═══ EXERCISE INPUTS ═══

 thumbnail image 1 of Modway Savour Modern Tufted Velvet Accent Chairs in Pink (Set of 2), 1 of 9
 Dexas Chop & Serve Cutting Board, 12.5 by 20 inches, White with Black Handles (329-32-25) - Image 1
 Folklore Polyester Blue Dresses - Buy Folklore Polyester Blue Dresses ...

═══
═══ EXERCISE INPUTS ═══

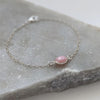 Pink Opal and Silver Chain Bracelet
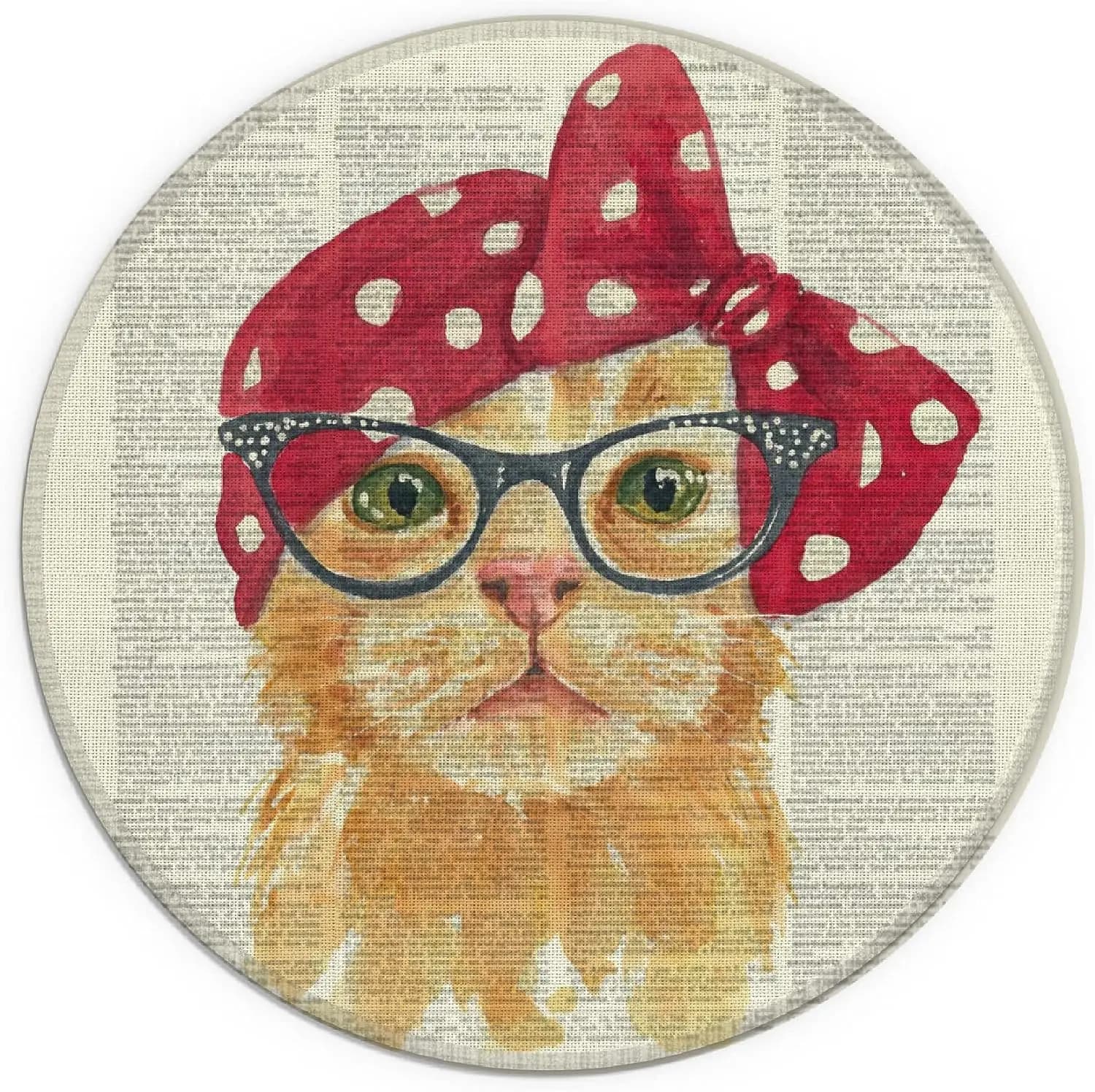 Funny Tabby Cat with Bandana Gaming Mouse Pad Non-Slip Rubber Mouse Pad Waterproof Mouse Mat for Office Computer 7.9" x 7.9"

═══

» **TASK DIRECTIONS**: What is asked for is an exact copy of the lines above from the one containing "thumbnail image 1" through the one containing "Folklore Polyester Blue Dresses - Buy", and only those.

» **RESPONSE**:
 thumbnail image 1 of Modway Savour Modern Tufted Velvet Accent Chairs in Pink (Set of 2), 1 of 9
 Dexas Chop & Serve Cutting Board, 12.5 by 20 inches, White with Black Handles (329-32-25) - Image 1
 Folklore Polyester Blue Dresses - Buy Folklore Polyester Blue Dresses ...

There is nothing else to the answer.